I believe this was Paul’s first release under his birth name – he had a history of recording as The Digitariat but that project was laid to bed months ago. Released in January of 2016, this multi-track synthesiser album is one of great beauty.

Cover
Cover

Using a host of equipment, Paul crafted this album in his London flat and it bears the hallmark of a cult classic – he has quickly found his chops in a genre that was not harsh noise or power electronics.

Whilst some of the ‘bloops’ are repetitive – in a good way – it leads to a sense of impending claustrophobia. I am unsure if this is what Paul intended for the listener to experience? I am sure he will correct me when I next see him if I am wrong, but, this is just as powerful as any of the power electronics that he produced as The Digitariat.

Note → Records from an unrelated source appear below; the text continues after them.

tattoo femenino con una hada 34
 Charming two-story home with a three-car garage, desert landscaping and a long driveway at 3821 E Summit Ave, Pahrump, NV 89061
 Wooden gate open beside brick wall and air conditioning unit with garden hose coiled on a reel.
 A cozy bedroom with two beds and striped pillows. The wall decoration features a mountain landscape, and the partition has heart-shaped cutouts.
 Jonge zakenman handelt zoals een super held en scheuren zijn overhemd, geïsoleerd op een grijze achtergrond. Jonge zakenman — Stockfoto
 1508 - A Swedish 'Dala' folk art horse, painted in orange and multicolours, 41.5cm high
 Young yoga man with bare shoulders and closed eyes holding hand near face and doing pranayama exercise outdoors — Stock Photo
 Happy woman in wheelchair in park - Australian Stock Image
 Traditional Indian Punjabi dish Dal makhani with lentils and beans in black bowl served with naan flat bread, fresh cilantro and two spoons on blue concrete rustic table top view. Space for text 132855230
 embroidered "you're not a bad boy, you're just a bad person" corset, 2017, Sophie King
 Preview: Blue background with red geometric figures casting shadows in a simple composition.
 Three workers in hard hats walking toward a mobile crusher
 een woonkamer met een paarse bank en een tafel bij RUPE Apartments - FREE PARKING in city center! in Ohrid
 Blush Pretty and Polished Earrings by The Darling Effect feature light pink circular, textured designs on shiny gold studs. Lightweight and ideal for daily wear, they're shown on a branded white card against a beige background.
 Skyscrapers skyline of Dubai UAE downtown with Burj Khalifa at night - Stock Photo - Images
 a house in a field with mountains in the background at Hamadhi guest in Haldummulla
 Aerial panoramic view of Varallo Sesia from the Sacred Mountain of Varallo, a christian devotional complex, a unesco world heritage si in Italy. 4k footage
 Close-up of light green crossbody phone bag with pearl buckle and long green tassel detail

The opening track, Exiles, has a bouncy-stab-like bassline that creeps like a spider in to your mouth as you sleep. Only to be spat out as you gag in preparation of the second track, the title track – Purple Field.

Purple Field sounds like it was made on a large Eurorack modular beast of an affair. The fact that Paul makes his music using analogue equipment is a testament to the man. Some would say that the oeuvre of high end equipment instead of software synths is a dying DIY art-form – but – thanks to to musicians like Paul, it is being kept alive. The warmth of the sounds on this album are not something that you can achieve using software instruments alone.

The third track, Thread Of Light, sees Paul back on home ground with a Harsh introduction that has a lot of different elements washing over you as you are immersed in the roar of distorted white noise. White Noise was that? But, there is so much more going in this first 60 seconds than in a lot more albums. It invigorates the mind and slays the senses. Through the use of a series of filters, Paul guides the listener to the fourth track, Basingstoke 10. Basingstoke 10 is almost drone! Basingstoke 10 is a track that echoes around my sound system to the point where it disorientates and perplexes. However, it is a cracking track and a refreshing track after the onslaught that was Thread Of Light.

As an album – it is a lot of music that you receive for the £4 asking price – around an hour’s worth of music! For this project (the project of making music under his birth name) it is a feat that is rarely accomplished to out-do your existing work, recorded under a pseudonym, in one album. Paul built up a following as The Digitariat, and knocked them bleeding to the ground when he told them he was stopping making music under that name. Keeping a hand in SBV, he channeled his energy in to that project whilst reserving a pensive side to release this debut album as Paul Daniel Knowles. An accomplishment to have this album as a representation of what you can achieve, even more so if it is your debut under a new name.